Even war games conducted by think tanks like the RAND Corporation and the Center for Strategic and International Studies (CSIS) have repeatedly ended in devastating defeats in the United States and Taiwan, with the former losing its huge gates. -planes and its naval armada.

Recognizing these handicaps, American military leaders attempted to turn things around. The US Marine Corps and US Navy have developed the Force Design 2030 Expeditionary Forward Operating Base (EABO), Distributed Maritime Operations (DMO), and Ghost Fleet Overlord.

A Rapid Dragon module being loaded onto a C-130 for airdrop

Operating from islands controlled by friendly nations in the South and East China Seas, small, mobile and hard-to-detect coastal combat regiments can undertake long-range fire on Chinese shipping.

Operating under the U.S. Navy, unmanned surface ships take routine charge of larger combatants, allowing them to focus on larger roles of air defense, land attack, anti-ship and ship protection. aircraft carrier battle groups.

This helps to expand, get closer and hit China inside the A2/AD bubble. With the Rapid Dragon, the USAF can further complicate the Chinese military’s targeting priorities by “massaging” the fires flooding Chinese radars, sensors, and kill chains.

Rapid Dragon completes the triad of three services

The Rapid Dragon plans to use cargo planes and tankers like the C-130J Hercules/MC-130 Commando II and C-17 Globemaster III to launch dozens of missiles packaged in large ‘pellets’ from their main doors in the air as they usually do. with other airdrops.

The parachute stops the missile-carrying pellets, rotating vertically while an electronic control box on each pellet releases missiles one after another.

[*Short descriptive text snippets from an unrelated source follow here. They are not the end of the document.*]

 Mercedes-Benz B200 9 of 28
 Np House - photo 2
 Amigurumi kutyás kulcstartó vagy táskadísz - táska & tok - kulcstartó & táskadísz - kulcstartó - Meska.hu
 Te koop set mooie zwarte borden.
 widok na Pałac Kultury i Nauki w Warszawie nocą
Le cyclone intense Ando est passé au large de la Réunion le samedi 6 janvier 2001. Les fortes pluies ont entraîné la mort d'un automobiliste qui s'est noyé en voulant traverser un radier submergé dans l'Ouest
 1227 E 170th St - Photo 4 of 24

An illustrative video from Lockheed Martin shows how pellets can be ‘rolled’ and ‘unloaded’ like any other cargo. An MC-130 will have a pellet with a capacity of six missiles and one of nine for a C-17.

Assuming both aircraft can accommodate at least three such pellets and there are at least three such aircraft used for this purpose, between 54 and 81 JASSM-ERs can shout at Chinese military targets while the USMC , the US Navy and USAF fighter-bombers conduct their own separate but complementary operations.

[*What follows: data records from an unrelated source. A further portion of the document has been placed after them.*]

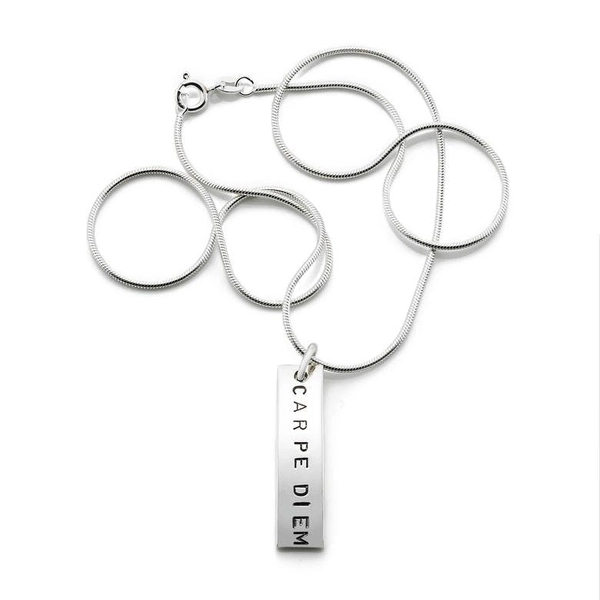 Carpe Diem Pendant - Efva Attling halsband - Snabb frakt & paketinslagning - Nordicspectra.se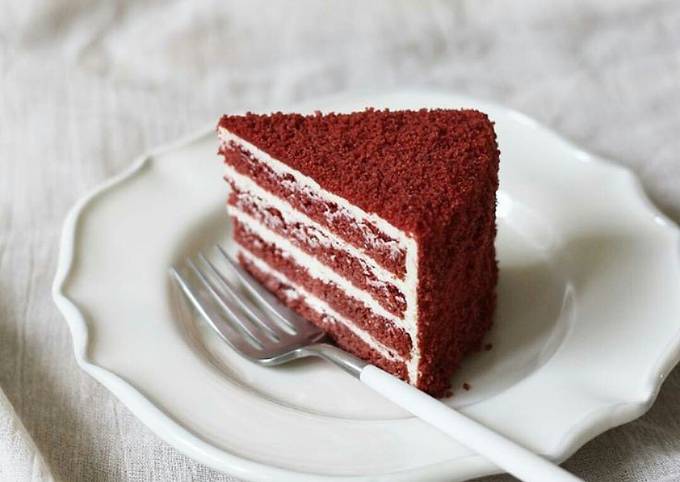 A picture of Classic red velvet cake.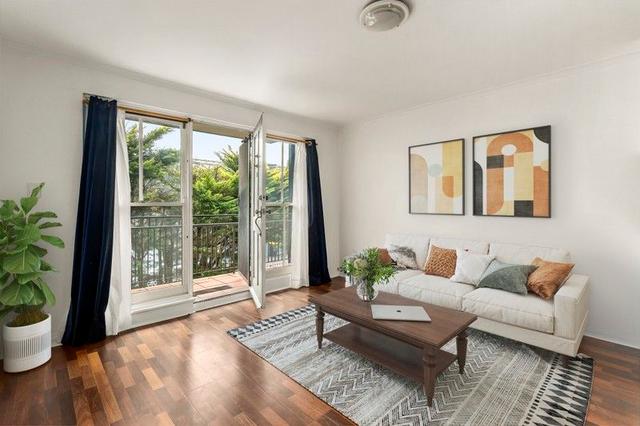 2/42 Eastbourne Street, VIC 3181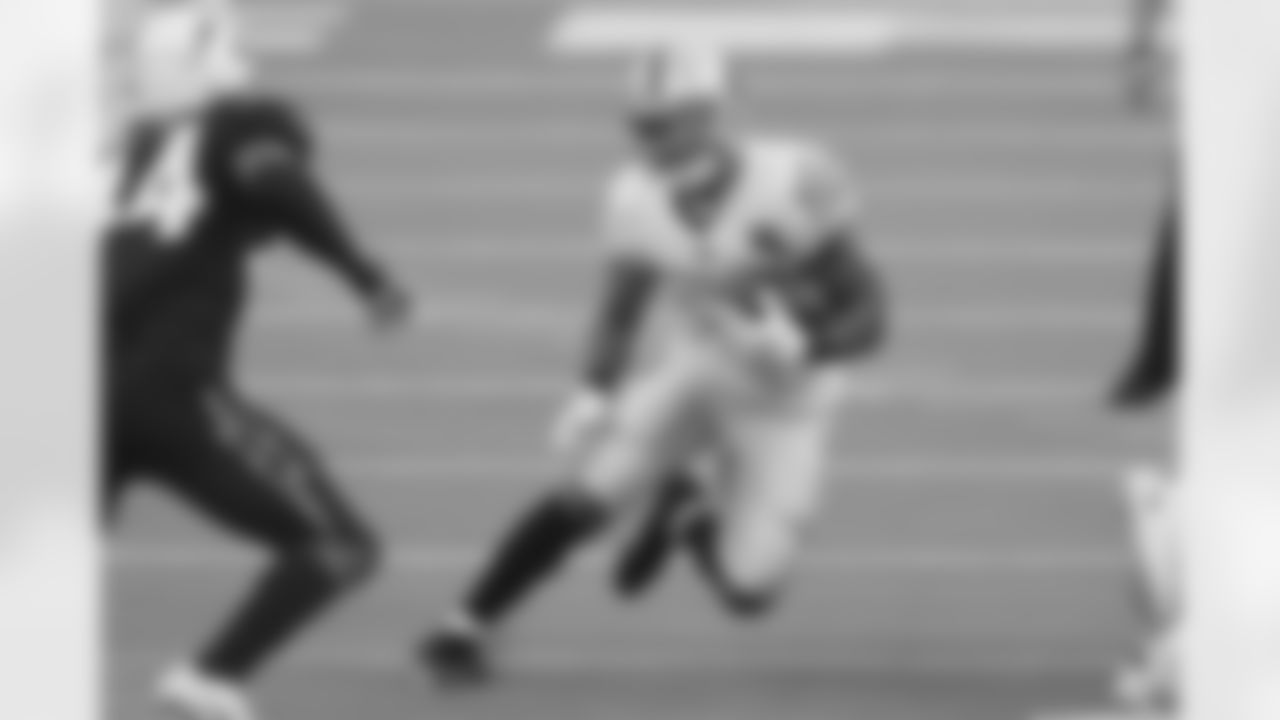 RB Devontae Booker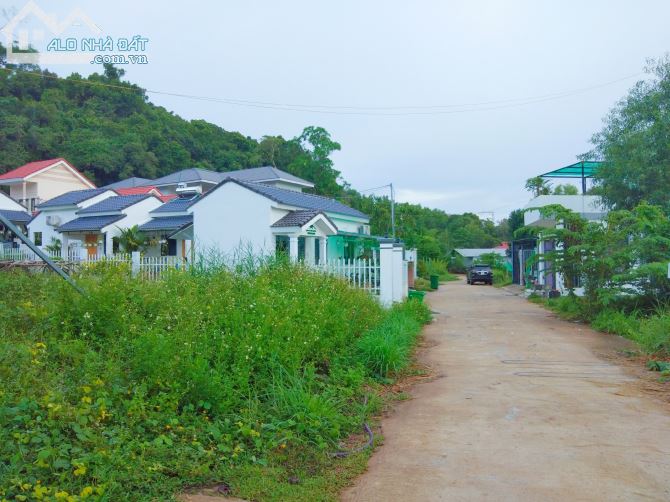 ĐẤT HẺM TRẦN HƯNG ĐẠO 501m2 LÀM KHÁCH SẠN. TƯƠNG LAI RA BIỂN CỰC GẦN - 2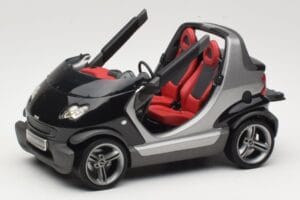 Smart Crossblade 450 Black Minichamps 1:18 0013440V001C02Q00 Diecast - image 2 of 8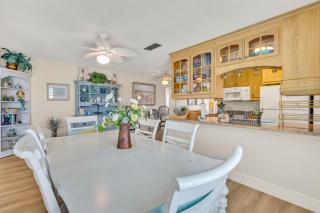 Blue Lagoon Retreat - Nokomis - 2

The JASSM-ER with a range of 800 kilometers was tested from a B-2 Spirit stealth bomber in late August.

Air Force Special Operations Command (AFSOC) chief Lt. Gen. Jim Slife said at an Association of Air and Space Forces event Sept. 7 that they had received “some number of requests worldwide from partners to integrate and demonstrate this capability on their aircraft.”

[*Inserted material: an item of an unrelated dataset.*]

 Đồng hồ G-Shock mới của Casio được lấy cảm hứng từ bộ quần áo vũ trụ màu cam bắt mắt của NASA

With several US allies using the MC-17/C-130J and C-17s, pellets can be used on the aircraft with little to no modification or “any special crew training”, Slife added.

The Rapid Dragon underwent three tests last year as part of a collaborative effort between the Air Force Strategic Development Planning and Experimentation Office (AFSDPEO) and the Air Force Research Laboratory.

A July 2021 test transmitted targeting data to military cargo planes, which was used to program munitions onto those planes, hitting targets. In November of the same year, an AFSOC crew on an MC-130J received in-flight targeting data, transmitting it to a palletized simulation cruise missile, which was jettisoned from the aircraft and released.

A December 2021 test used an actual cruise missile, where target data in the Gulf of Mexico was transmitted to an MC-130J and loaded onto the palletized missile. The missile deployed and “succeeded in destroying its target,” the Air Force Research Lab (AFRL) said.